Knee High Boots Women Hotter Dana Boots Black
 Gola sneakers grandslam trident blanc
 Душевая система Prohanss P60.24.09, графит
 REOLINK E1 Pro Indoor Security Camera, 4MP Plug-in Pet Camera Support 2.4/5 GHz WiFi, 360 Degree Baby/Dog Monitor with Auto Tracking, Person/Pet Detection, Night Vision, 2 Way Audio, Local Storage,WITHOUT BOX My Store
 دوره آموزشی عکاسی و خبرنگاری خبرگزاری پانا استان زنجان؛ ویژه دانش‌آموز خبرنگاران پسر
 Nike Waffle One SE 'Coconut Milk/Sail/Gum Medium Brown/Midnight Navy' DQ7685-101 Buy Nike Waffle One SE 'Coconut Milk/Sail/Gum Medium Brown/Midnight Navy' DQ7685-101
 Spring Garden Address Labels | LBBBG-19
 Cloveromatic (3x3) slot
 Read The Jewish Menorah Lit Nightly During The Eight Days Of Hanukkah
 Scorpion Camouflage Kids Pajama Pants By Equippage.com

━━━━━━━━━━━━━━━━━━━━━━━━━━━━━━

• _THE TASK_
The records above are to be written out again word for word.

• _WRITTEN ANSWER_
Knee High Boots Women Hotter Dana Boots Black
 Gola sneakers grandslam trident blanc
 Душевая система Prohanss P60.24.09, графит
 REOLINK E1 Pro Indoor Security Camera, 4MP Plug-in Pet Camera Support 2.4/5 GHz WiFi, 360 Degree Baby/Dog Monitor with Auto Tracking, Person/Pet Detection, Night Vision, 2 Way Audio, Local Storage,WITHOUT BOX My Store
 دوره آموزشی عکاسی و خبرنگاری خبرگزاری پانا استان زنجان؛ ویژه دانش‌آموز خبرنگاران پسر
 Nike Waffle One SE 'Coconut Milk/Sail/Gum Medium Brown/Midnight Navy' DQ7685-101 Buy Nike Waffle One SE 'Coconut Milk/Sail/Gum Medium Brown/Midnight Navy' DQ7685-101
 Spring Garden Address Labels | LBBBG-19
 Cloveromatic (3x3) slot
 Read The Jewish Menorah Lit Nightly During The Eight Days Of Hanukkah
 Scorpion Camouflage Kids Pajama Pants By Equippage.com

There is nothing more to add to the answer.